The Assembly.LoadFrom method is more complex than Assembly.Load. It might be the case that different assemblies will be loaded for the same display name, only because they are loaded from different locations. For example, if an assembly is first loaded statically due to a type reference being resolved by the JIT-compiler, and then being loaded dynamically using Assembly.LoadFrom from a different location, then essentially two assemblies have been loaded, even though they have the same display name and the same binary content. Because assemblies are resolved in memory by display name, this requires partitioning this "memory" into two separate contexts – the so-called "load context" and the so-called "load from context" (Alex Buckley uses the names "L" and "LF" to disambiguate these contexts from the Assembly class methods).
Before we proceed into what Assembly.LoadFrom does, it's important to note that a single assembly file on disk can be loaded into precisely one context. Thus, there is no way to cause "two" assemblies that have the same location on disk to be loaded; "they" are regarded as the same assembly and only loaded once.
Assembly.LoadFrom takes a filename and loads the assembly at the specified location. If an assembly is found, the bind is restarted using the assembly's display name (regardless of whether it is a strong or weak name, unlike Assembly.Load's second bind). If the second bind happens to bind the assembly's display name to the assembly at the originally specified location, then the assembly is loaded into the load context. However, if the second bind finds an assembly at a different location, it is ignored and the assembly at the originally specified location is loaded into the load from context. This behavior ensures that the assemblies loaded into the load context are only those assemblies that are available to the JIT-compiler through the "standard" and predictable binding process. Other assemblies are loaded into the load from context and are invisible as far as the assemblies in the load context are concerned. By the way, the reverse of this statement doesn't hold: assemblies in the load from context are allowed to see and reference assemblies in the load context.

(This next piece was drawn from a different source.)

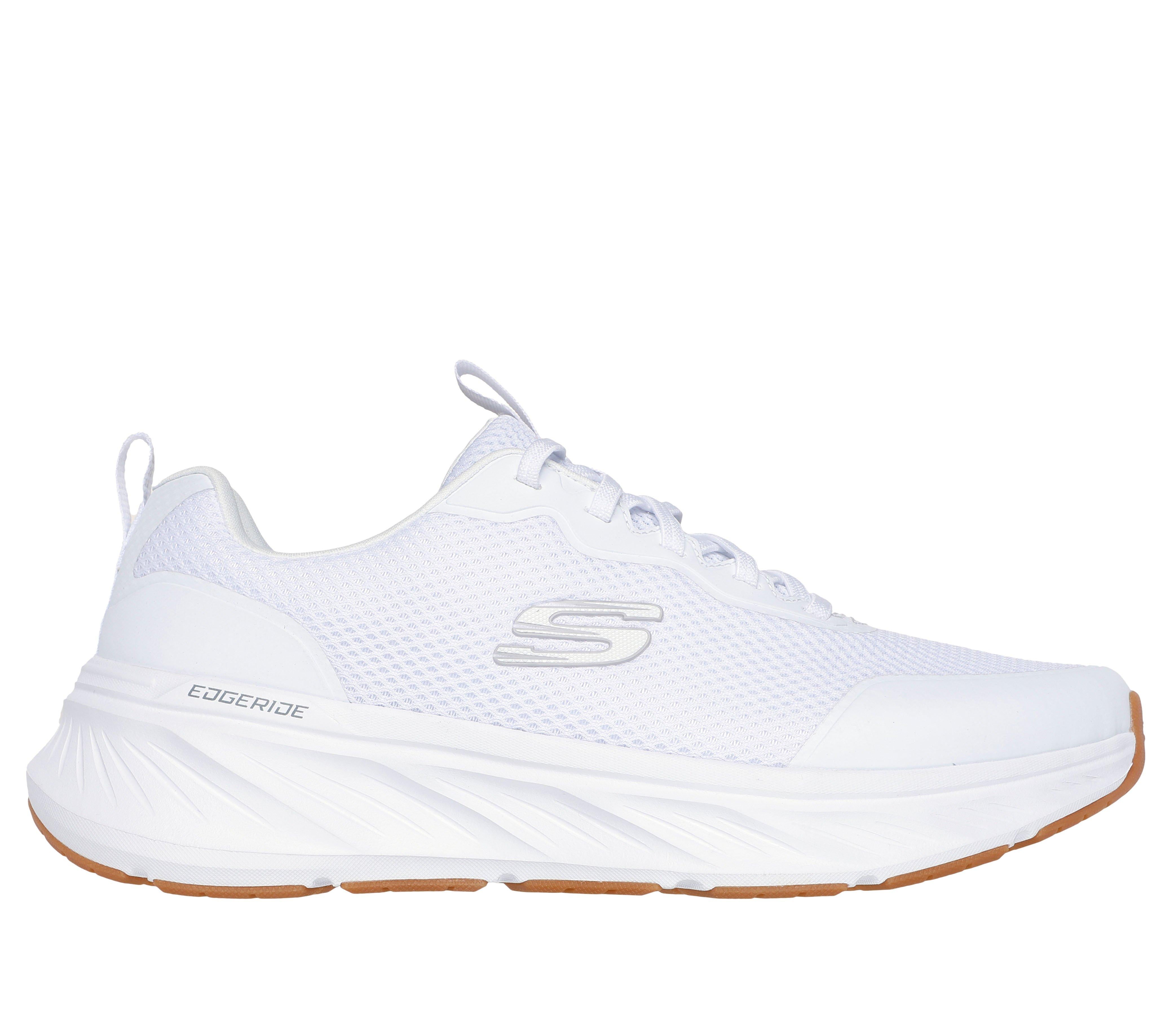 SKECHERS Sneaker edgeride bianco 232835 EDGERIDE REKZE-WHT 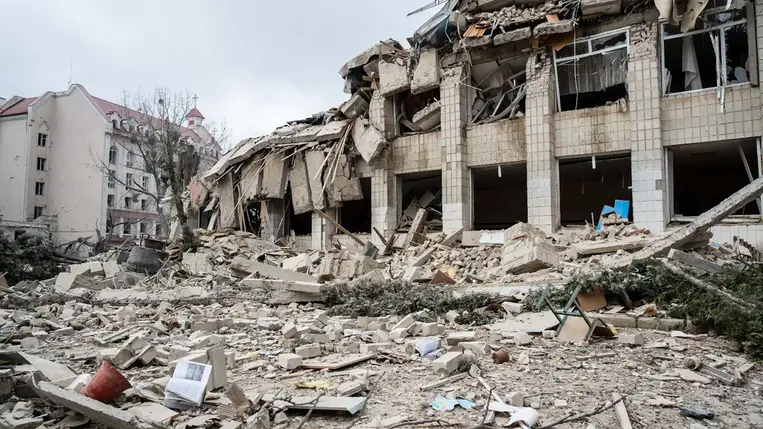 Ukrán kormányfőhelyettes: Minimum két-három év kell a súlyos károk helyreállításához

It is crucial to note that assembly references loaded by assemblies in the load from context will be loaded into the load from context, regardless of whether they are statically referenced or loaded dynamically using Assembly.Load or Assembly.LoadFrom (unless an assembly with the same display name and location is already loaded in the load context). It's also important to note that those references (of assemblies loaded into the load from context) will be probed in the referencing assembly's directory, i.e. in the directory associated with the assembly in the load from context, after they are probed in the application base directory.
Finally, it's important to note that assemblies loaded using the Assembly.Load and other equivalents, which take a byte parameter to supply the assembly binary content, or assemblies that are dynamically constructed using Reflection.Emit, CodeDom or other code-generation APIs, are not loaded into either of the above contexts. By the way, their references are not automatically being loaded, either.